Here’s the thing I’ve witnessed, though, in this last year. These warriors don’t focus on the negatives–they focus on what they CAN do. My son is stronger than he has ever been–physically and emotionally and mentally. He may sigh in frustration, but he does what he needs to do. I can count on one hand the times in the last year he has complained about anything diabetes-related. He gets up every day, and he faces it. He forgives me when I forget something he needs, puts on that stiff upper lip, and just waits for us to get home so he can eat. He laughs with me when we have to make an 8 a.m. detour to three different pharmacies in a strange town to try to find the needles that I didn’t put back in his bag. He learns. He adapts. He takes care of himself. He does not, for one minute, let this disease define him.

And that is the same sort of fortitude I’ve seen not only in other Type 1 kids and adults, but in so many others who have learned to live with what seems to us to be “too much to bear.” They do bear it. And they bear it with strength that inspires me…that inspires me not only to be strong, but to be considerate.

Because I never know what invisible war that person beside me is fighting.
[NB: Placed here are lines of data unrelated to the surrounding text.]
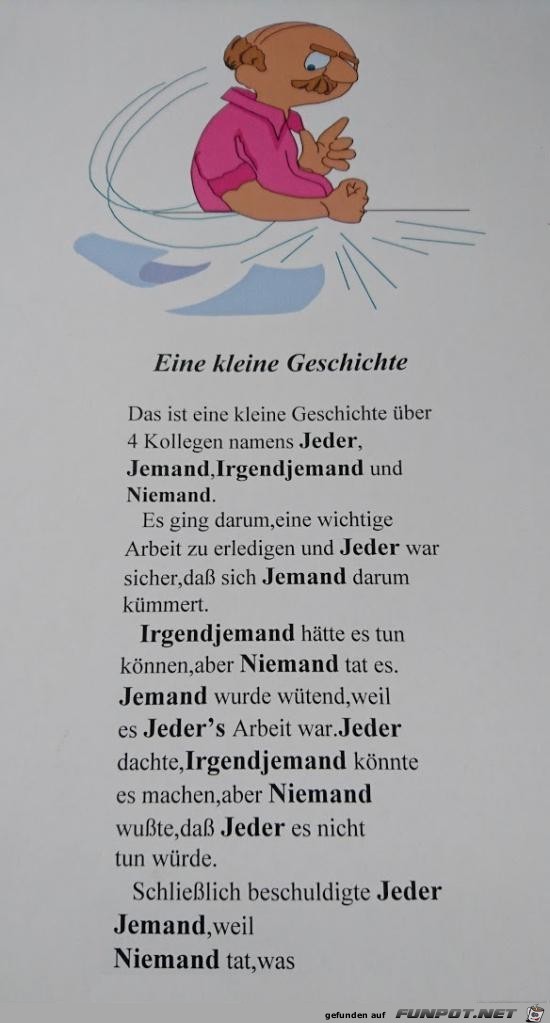 eine kleine Geschichte................ eine kleine Geschichte................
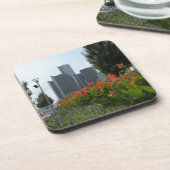Dessous de verre de Detroit (Côté gauche)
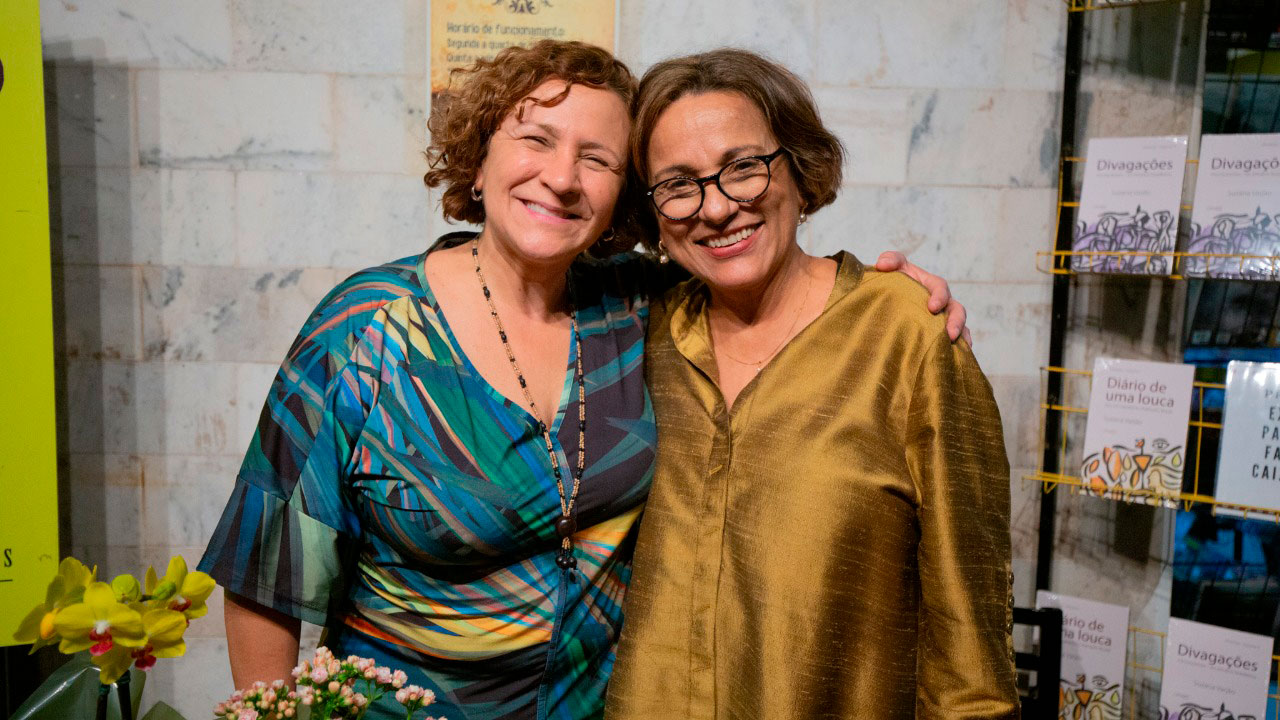 Lançamento "Diário de uma louca"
I never know if I’m putting them at risk with my actions. I never know if my assumption that they are “normal” because they look “normal” is adding a burden to their battle. I can’t know.

But what I can know is that everyone has some battle they are fighting. Whether it’s chronic illness or disease or depression, whether it’s any one of a thousand different things, they are a warrior. YOU are a warrior. And as a mom of such a warrior, I don’t just salute you–I support you. I will ask myself how I can protect you. How I can make your life easier. How I can consider what you need instead of how those needs may inconvenience me.
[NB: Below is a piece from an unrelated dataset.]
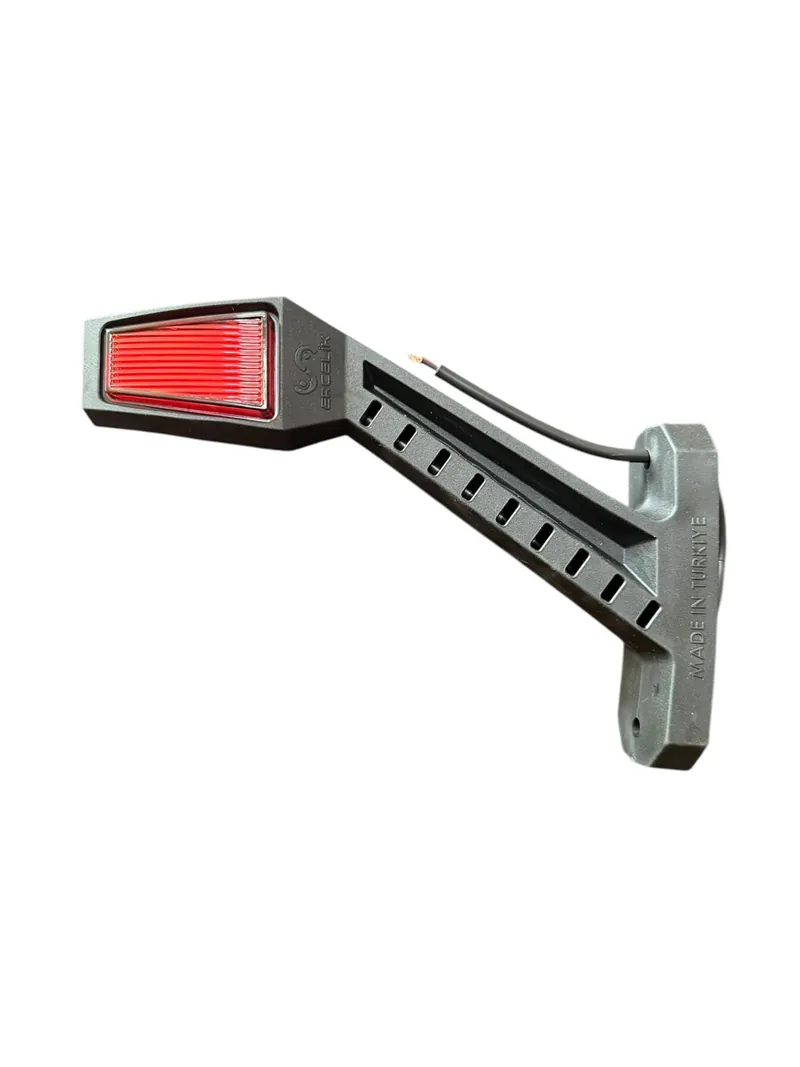 NEON UZUN KRONE BOYNUZ LAMBA 12-24 VOLT KIRMIZI BEYAZ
As a Type 1 family, we are praying for a cure, and we are so encouraged by the medical advances and studies going on even now (like this, as one example). We pray that someday there will be a solution that will manage this disease for my son, so that all those “cannot”s don’t always rule his days. But we also know that even if that day never comes, he will be a champion.

How do we know? Because we see all the champions that have come before. That are walking this same road even now. We see all the quiet warriors, breaking through enemy lines and seizing the day, chasing their dreams, trusting that even in the worst, there’s Someone holding them.

To all you quiet warriors, I pray God’s strength upon you. And I thank you. Your example has gotten us through this last year. And I can only pray that my warrior’s example will do the same for others.

Fight on!

The JDRF (Juvenile Diabetes Research Foundation) is the nation’s leader in fundraising for this cause. They not only support research all across the country, they also provide networking and community opportunities for those living with Type 1.